Крайне важно, что первичная запись содержит возможность трансцендентного расширения, в соответствии с которым магия самовозрастающей суммы денег свидетельствует о богоизбранности, да и о присутствии Бога вообще. Этот момент в высшей степени мистический, до него в принципе невозможно домыслиться, но, как выяснилось, можно догрезиться. Воспаленное воображение однажды оказалось способным на такое трансцендентное расширение. Способ, которым берется барьер, был закреплен в составе духовных практик, оказавшись едва ли не последним историческим новообразованием субъекта. Впрочем, по аналогии с синтезом линейного времени можно предположить, что речь идет все же о разовом импульсе, о первотолчке, вбросившем в мир такую духовную энергию и силу причинения, которых хватает и до сих пор[135]. В сущности, это было воистину удивительное трансцендентное расширение едва ли не самого профанного измерения человеческого бытия, «купли-продажи». Только субъект мог вместить столь радикальную несовместимость, но даже субъект подвергся преобразованиям для повышения вместимости, общего уровня смыслоемкости мира.
Реформа вместимости происходила не на ровном месте, нечто подобное уже было.

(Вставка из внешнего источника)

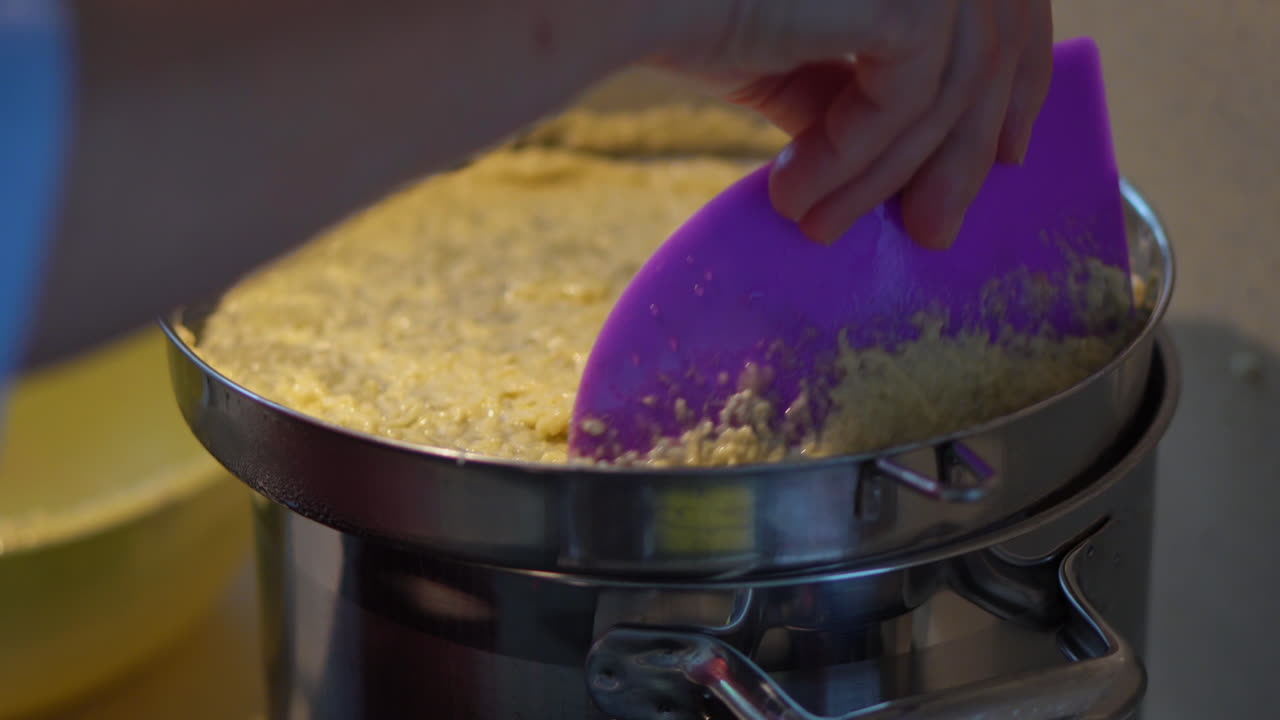 Close Up Of Potato Dough Lumps Dropping Onto Boiling Water In Pot Using Spaetzle Maker. Making Bryndzove Halusky Dumplings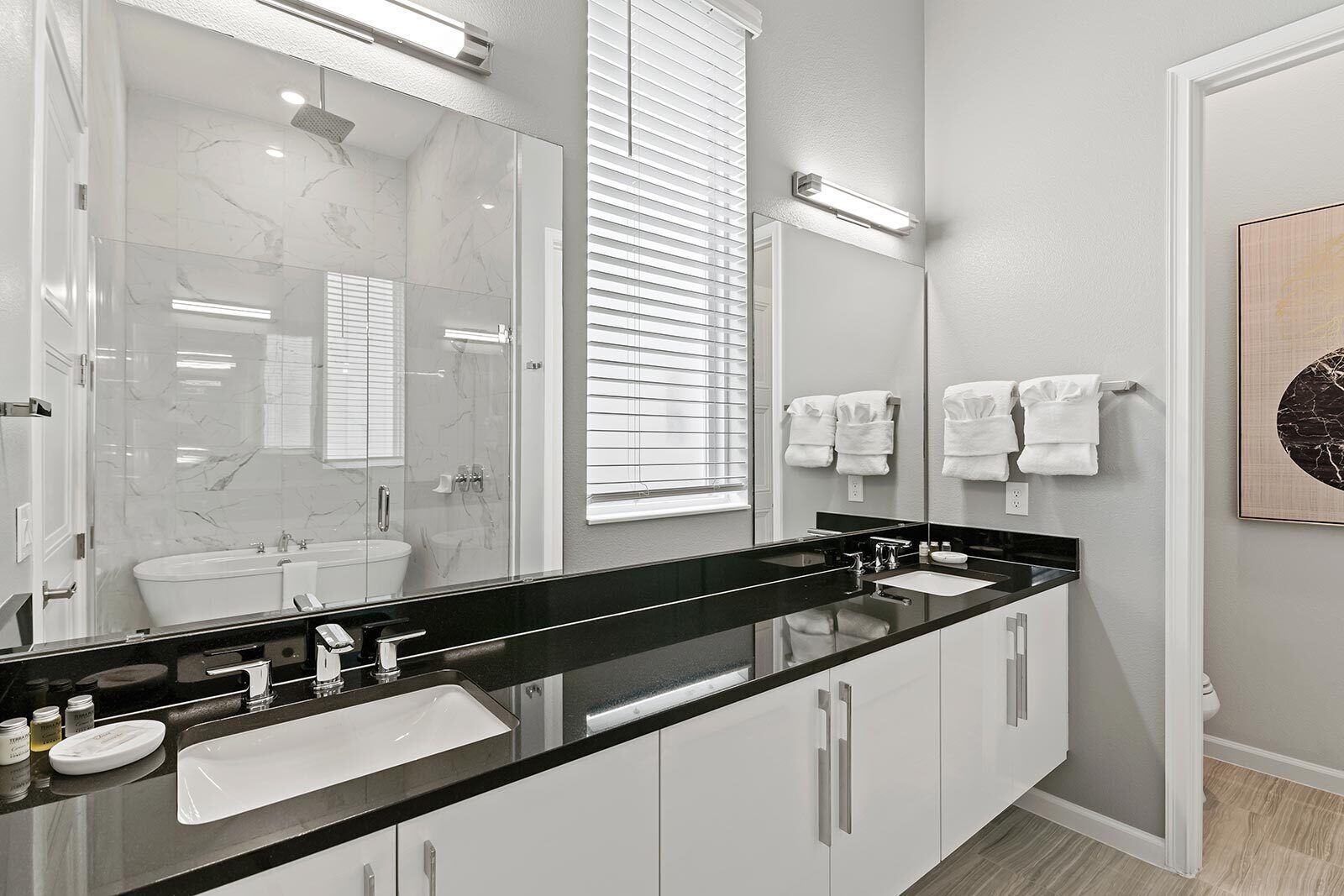 A modern bathroom with a black countertop, white cabinets, a large mirror, and a glass-enclosed shower.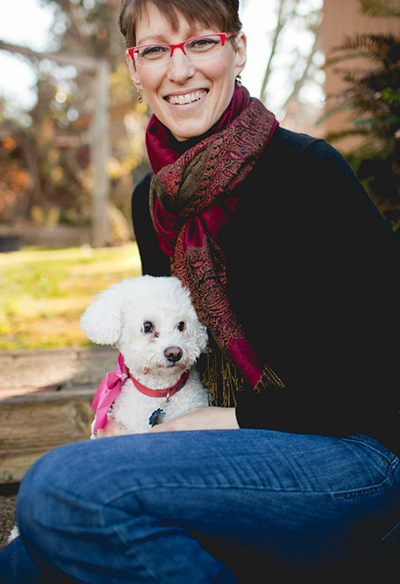 Laura Caldwell smiling outdoors with her small white dog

Преднаходимый голос телесности, модулируемый как позыв либидо, допускает сублимацию, в ходе которой сопрягаются воля-к-бессмертию и «основной инстинкт», его сам Фрейд с некоторым сомнением называет инстинктом продолжения рода[136]. В результате возникает насыщенная эротическими компонентами любовь к Богу, чувственная реальность, в которой импульс либидо был глубоко преобразован, но все же не укрылся от внимания теологов.
И тем не менее если такое объединение можно считать греховным (именно так и считало большинство теологов), то каким верхом греховности должно предстать тогда второе трансцендентное расширение – попытка на языке денег догрезиться до Бога! Конечно, этот язык прекрасно подходит для быстрых счетных операций внутри любого множества конкретных благ, и соблазн подкрепить высшие чаяния денежным эквивалентом существовал всегда. Однако все попытки прорыва, представлявшие собой, в сущности, разновидность подкупа, на эксплицитном уровне решительно пресекались. Новый Завет преисполнен обличениями стяжательства. Бог, в отличие от его земных служителей, неподкупен – эта мысль изложена с предельной ясностью и отчетливостью, поэтому десятина и прочие платежи неизменно рассматривались как некий компромисс, явно противоположный тому, что Кьеркегор называл подвигом веры. Церковь, впрочем, время от времени погружалась в грех сребролюбия, что всегда соответствовало периодам упадка живой подлинной веры, – самый глубокий кризис пришелся как раз на эпоху Возрождения. А далее случился воистину удивительный синтез, ознаменовавший саму суть Реформации.
Да, посредством подкупа Бога догрезиться до трансцендентного не удалось, зато увенчался успехом другой, куда более экзотичный ход. Деньги, как их количество, так и принцип их возрастания, пригрезились в качестве прямой и непосредственной благодати. Произошло соединение пучка экзистенциальных чаяний и неукротимой жажды обладания, в результате чего возник абсолютный монотеизм. Впервые зов Золотого Тельца, обеспечивавший фоновый дуализм веры, оказался включенным в состав сакрального. Тезис Тертуллиана «Верую, ибо абсурдно» обрел новый смысл: если можно так выразиться, содержавшаяся в нем несовместимость стала еще на порядок несовместимее, ведь оборотной стороной благословенности свыше (и одновременно ее градуированной шкалой) стала квинтэссенция меркантилизма. Никакая умопостигаемость, никакое здравое моральное суждение не могли бы примирить непримиримое, на это оказалась способной лишь новая редакция формулы Тертуллиана. Тем самым субъект в качестве сущего, не разрушаемого своей противоположностью, подвергся новому испытанию, не уступающему по своей замысловатости афоризму Евгения Шварца, – и вышел с честью из этой ловушки, не повредив даже логики, остающейся инструментом локального применения.